= Muhammad Yusuf Khoja =

17th-century Naqshbandi Sufi leader

Muhammad Yusuf Khoja (محمد یوسف خواجه ; modern مۇھەممەد يۈسۈپ خوجا; 瑪木特玉素布) was a seventeenth-century Naqshbandi Sufi leader. Born in the village of Dahbīd in Samarqand, he was the father of Afaq Khoja (Hidāyat Allāh), a religious and political leader adorned with the title Khwaja/Khoja (master, descendant of a Naqshbandi leader).

== The Baishan School ==
Muhammad Yusuf Khoja belonged to the Baishan or White Mountain school (白山派 báishān pài in Chinese, aqtaghliq in Turkic, آفاقية āfāqiyya in Arabic), sometimes referred to as the "White Mountain Khojas," a subset of the larger Naqshbandi order. The Baishan school developed in the 18th century and is also referred to as "White Hat School" and "White Hat Huizi” (白帽回子). This school of thought developed after the death of Ahmad Kasani when some Sufis followed the Great Master's older son (Ishan-i-Kalan). They were called the White Mountain Sufis (or White Mountaineers) and the supporters of Ahmad Kasani's younger son Ishaq were called the Black Mountain school (黑山派 hēishān pài in Chinese, qarataghliq in Turkic, إسحاقية isḥāqiyya in Arabic).

== Genealogy ==
Muhammad Yusuf Khoja’s grandfather was Ahmad Kasani (1461–1542), a notable Naqshbandi leader sometimes referred to as the Great Master. Some Khojas in Central Asia were said to be Sayyids, descendants of Muhammad. However, the majority of the inhabitants of Bukhara and Samarkand were Tajiks.
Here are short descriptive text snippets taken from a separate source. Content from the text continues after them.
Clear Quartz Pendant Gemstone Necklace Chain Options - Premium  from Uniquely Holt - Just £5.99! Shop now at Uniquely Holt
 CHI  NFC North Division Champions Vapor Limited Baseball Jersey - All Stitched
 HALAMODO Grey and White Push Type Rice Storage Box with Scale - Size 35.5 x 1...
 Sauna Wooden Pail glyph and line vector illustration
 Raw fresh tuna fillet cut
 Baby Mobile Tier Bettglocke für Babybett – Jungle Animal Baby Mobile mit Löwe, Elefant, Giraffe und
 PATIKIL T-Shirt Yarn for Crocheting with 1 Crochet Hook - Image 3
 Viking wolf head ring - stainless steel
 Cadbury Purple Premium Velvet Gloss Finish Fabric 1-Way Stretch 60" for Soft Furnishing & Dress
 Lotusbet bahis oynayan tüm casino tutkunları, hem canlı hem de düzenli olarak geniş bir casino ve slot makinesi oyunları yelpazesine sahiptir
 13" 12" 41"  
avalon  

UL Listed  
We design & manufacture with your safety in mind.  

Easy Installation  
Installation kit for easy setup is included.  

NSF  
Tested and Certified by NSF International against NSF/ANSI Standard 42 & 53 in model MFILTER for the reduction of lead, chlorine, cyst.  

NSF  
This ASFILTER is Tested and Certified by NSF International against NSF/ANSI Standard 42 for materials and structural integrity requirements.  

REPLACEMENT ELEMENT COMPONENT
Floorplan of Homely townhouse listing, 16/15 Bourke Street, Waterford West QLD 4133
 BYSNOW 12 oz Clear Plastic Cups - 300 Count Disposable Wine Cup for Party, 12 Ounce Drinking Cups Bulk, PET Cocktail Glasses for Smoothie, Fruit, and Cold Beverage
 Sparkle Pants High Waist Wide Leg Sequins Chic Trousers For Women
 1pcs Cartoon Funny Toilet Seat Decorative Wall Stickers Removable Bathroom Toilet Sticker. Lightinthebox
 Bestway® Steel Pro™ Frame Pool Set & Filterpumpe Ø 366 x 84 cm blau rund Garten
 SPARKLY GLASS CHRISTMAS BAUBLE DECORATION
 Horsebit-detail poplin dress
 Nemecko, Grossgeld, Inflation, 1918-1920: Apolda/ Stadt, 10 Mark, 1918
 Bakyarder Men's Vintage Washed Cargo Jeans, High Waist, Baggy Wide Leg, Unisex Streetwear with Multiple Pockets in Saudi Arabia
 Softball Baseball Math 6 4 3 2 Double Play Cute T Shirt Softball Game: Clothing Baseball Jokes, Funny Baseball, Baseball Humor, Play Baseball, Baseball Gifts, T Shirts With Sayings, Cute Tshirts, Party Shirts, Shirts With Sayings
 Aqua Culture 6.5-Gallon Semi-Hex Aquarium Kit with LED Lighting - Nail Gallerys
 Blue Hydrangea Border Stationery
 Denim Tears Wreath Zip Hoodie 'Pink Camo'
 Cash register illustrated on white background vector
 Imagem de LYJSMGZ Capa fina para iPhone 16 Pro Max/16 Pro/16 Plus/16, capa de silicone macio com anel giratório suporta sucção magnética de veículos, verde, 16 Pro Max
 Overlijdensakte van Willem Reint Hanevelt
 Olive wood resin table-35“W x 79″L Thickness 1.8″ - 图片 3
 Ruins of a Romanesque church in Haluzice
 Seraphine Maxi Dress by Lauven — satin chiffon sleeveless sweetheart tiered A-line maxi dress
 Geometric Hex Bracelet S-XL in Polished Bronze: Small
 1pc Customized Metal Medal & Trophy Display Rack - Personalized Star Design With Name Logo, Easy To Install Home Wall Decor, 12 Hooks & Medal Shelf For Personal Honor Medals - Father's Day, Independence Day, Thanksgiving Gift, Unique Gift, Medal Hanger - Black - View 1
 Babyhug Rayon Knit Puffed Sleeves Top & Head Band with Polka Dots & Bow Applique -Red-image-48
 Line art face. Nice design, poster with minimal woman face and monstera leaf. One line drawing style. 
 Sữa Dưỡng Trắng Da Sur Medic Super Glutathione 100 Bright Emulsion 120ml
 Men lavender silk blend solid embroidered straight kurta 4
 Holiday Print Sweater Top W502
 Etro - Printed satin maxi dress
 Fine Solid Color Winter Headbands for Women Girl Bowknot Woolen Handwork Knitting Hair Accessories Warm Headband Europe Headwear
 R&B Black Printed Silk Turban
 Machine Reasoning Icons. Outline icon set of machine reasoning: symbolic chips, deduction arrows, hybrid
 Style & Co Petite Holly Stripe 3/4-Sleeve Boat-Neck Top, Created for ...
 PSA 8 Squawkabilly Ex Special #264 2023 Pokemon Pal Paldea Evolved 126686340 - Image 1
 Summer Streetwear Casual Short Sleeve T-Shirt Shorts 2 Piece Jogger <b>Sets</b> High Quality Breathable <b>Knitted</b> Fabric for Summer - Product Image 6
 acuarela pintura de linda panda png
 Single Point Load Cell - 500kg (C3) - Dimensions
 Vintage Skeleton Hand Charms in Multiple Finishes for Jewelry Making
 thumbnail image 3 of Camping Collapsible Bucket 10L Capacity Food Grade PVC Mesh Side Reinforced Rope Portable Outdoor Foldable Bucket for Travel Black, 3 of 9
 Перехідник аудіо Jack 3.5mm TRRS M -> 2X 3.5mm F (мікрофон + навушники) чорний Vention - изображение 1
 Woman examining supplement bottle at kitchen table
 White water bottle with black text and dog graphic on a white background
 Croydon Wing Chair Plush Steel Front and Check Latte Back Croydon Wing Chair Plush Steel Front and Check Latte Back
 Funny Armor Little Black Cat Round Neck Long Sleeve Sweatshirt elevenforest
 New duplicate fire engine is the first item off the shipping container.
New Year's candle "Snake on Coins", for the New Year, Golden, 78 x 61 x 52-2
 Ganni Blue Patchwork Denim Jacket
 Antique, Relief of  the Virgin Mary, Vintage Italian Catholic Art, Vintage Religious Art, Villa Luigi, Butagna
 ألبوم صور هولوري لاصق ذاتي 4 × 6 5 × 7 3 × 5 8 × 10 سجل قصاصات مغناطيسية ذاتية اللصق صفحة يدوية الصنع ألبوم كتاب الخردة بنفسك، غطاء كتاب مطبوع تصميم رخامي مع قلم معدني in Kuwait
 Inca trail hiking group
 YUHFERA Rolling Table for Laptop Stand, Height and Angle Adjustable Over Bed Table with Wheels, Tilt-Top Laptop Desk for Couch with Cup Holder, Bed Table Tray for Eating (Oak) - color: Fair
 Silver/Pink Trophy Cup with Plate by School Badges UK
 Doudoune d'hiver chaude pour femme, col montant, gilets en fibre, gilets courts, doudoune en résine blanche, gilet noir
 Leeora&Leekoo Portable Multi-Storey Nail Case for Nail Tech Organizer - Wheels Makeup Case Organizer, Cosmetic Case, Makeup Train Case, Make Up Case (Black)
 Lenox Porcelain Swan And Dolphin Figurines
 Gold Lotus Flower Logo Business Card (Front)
Many Khojas were appointed to administrative positions by Mongol leaders in what is now present day Xinjiang, China, historically known as Altishahr. Ahmad Kasani himself never visited the Altishahr region but his descendants, Muhammad Yusuf among them, were involved in the area.“The saint's sons settled at Kashgar, where their father had married a wife and had received rich estates, and gradually established a theocracy, laying upon the necks of the submissive, apathetic people a heavy yoke which they still bear. In course of time two parties were formed whose influence on the subsequent history of the country has been profound. The supporters of the elder son were termed Ak Taulin or "White Mountaineers", from the name of the range behind Artush, their headquarters, whereas the supporters of the younger were known as Kara Taulin or "Black Mountaineers", from the hills near Khan Arik. Both parties of Khojas. as they were termed, aimed at political supremacy and intrigued with any external power that appeared likely to favour their ambitions.

— Sir Percy Sykes and Ella Sykes.Muhammad Yusuf Khoja’s wife Zuleiha Begum was from the village of Bashkerim in Kashgar. Her father was a wealthy property owner from Bashkerim. The two started a family when their son Afaq Khoja (Hidāyat Allāh) was born in 1626 in Kumul.

== Preaching in Kumul ==
While in Kumul, Muhammad Yusuf Khoja was a preacher. The primary Sufi order in the Kumul area at the time was the Black Mountain school, founded by Ahmad Kasani's younger son Ishaq. The presence of the Black Mountain Khojas (sometimes also referred to as the Black Hat school) made it challenging for the White Mountain school to gain a foothold in the area. So, Muhammad Yusuf Khoja moved to Hami in the eastern Khanate.

When Afaq Khoja was 12, they moved to Kashgar. It was here that Muhammad Yusuf Khoja was able to generate a following for the Baishan school. While in Kashgar, the Baishan school was able to establish itself but still faced political struggles with the Qing dynasty and religious conflict with the opposing Black Mountain school.

== Conflict in Yarkand ==
After the death of a Black Mountain Khoja leader in Yarkand, Muhammad Yusuf Khoja moved to the area in attempts to gain followers and preach. After attempting to persuade some Black Mountain Khojas to give up their faith and join the White Mountain Khojas he was met with fierce opposition by their community. This forced him to leave Yarkand and return to Kashgar, but he suddenly died before returning. Many White Mountain Khojas (Baishan) believe that he was poisoned by the Black Mountain school. This created more animosity between the two factions and led to political conflict between Kashgar and Yarkand.